The RBI eventually gave Sahara a reprieve, allowing it to accept fresh deposits but with a maximum maturity of three years, subject to half its directors being RBI nominees and the group appointing statutory auditors from the RBI’s list of auditors. Under the plan agreed between the two, Sahara is to wind down its deposit-taking activities by June 30, 2015. If this turnaround wasn’t explained, what happened a month later was even more curious — Sahara came out with a series of advertisements claiming it had invested all its deposits in accordance with RBI guidelines and, indeed, its capital adequacy was much higher than what the RBI mandates.

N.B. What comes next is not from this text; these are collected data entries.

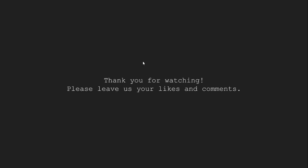So in this tutorial, we discussed operator functions in Python. We will continue learning about operators in the coming tutorials. Thank you for watching. Please leave us your likes and comments in the comments section.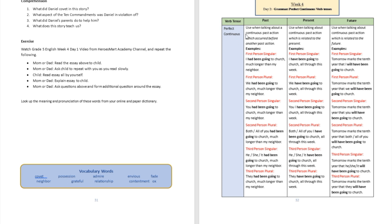Perfect continuous can occur as a past tense, present tense, and a future tense. When do we use the past perfect continuous? We use it when talking about a continuous past action which occurred before another past action. Examples are going to be in the first person singular, first person plural, second person singular, second person plural, third person singular, and third person plural forms.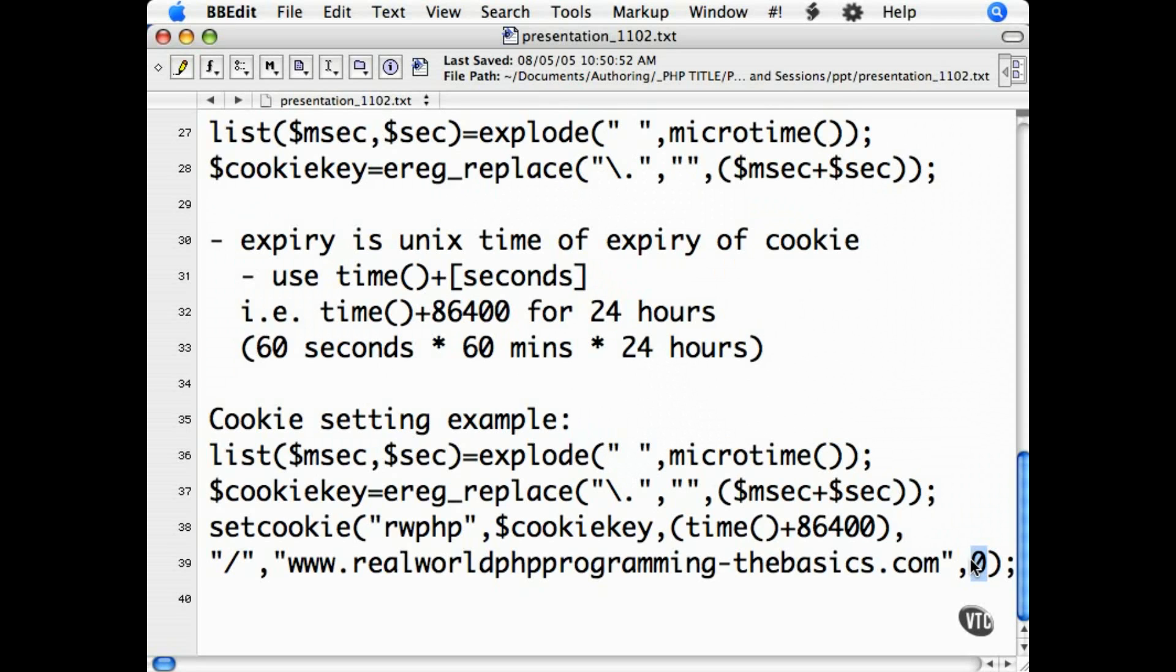In the next movie, I'll go over how to use the session register function to track session information when using the PHP built-in session manager.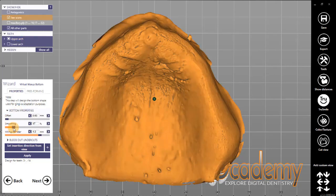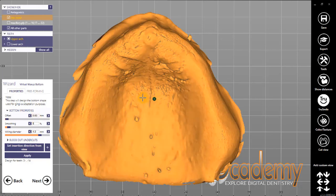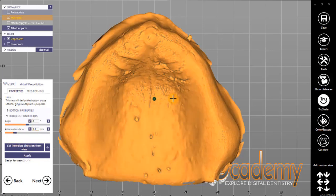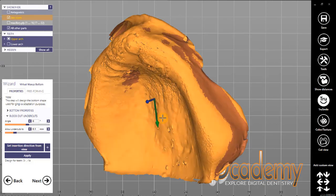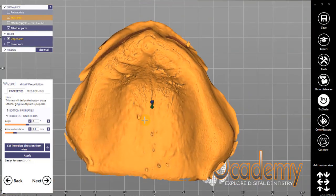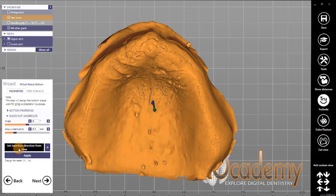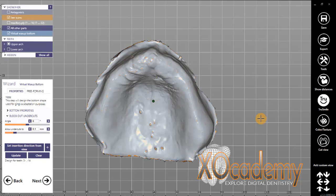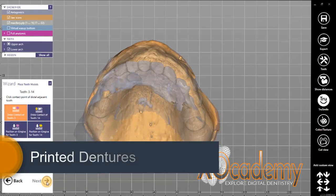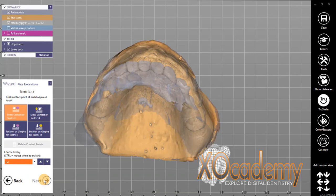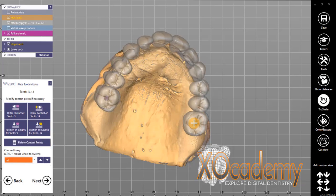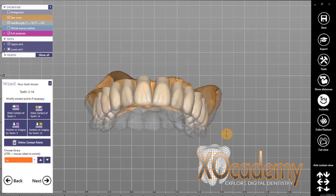Now we move forward in the step-by-step wizard and we're designing the inner surface of the denture. You have lots of options — you could make an offset distance if you wanted to make custom trays with a very specific relief amount for your wash material. You can do that in ExoCAD. For this case, since we're going to be making a denture, we don't want that offset too great. So we make that inner surface and then we're able to place our denture teeth.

The RBI has not responded to Sahara’s advertisement; perhaps it does not need to, since it has put in place a mechanism to ensure an orderly wind-down for Sahara, and the presence of independent directors will ensure that everything goes according to plan. But if the past is anything to go by, ensuring that the plan works will require effort. Take almost any company that has been accused of misusing funds in the past and most of them would have had statutory auditors of repute and independent directors nominated by the banks and financial institutions that had lent them money. While little can be said for why statutory auditors have not caught blatant fraud in the past, the failure of independent directors is easier to explain. As the experience in the US sub-prime crisis shows, even countries which have and old and fine traditions of vigilant boards find that a company’s management has many ways in which to keep boards in the dark — Enron, for instance, created off-balance sheet subsidiaries.
In any case, independent directors who don’t have a stake in the company whose board they adorn, are not the most active of watchdogs. Board meetings are often brief and need not be more than once a quarter, the issues that have to be statutorily brought before a board are easily dealt with, and that leaves company managements a great deal of leeway to do with the business as they please. In short, if it is the RBI’s belief that the Sahara management is into dodgy business practices and that it should not therefore be taking money from the public, then the insistence that half of Sahara’s board of directors comprises individuals acceptable to the RBI may lull it into a false sense of complacence.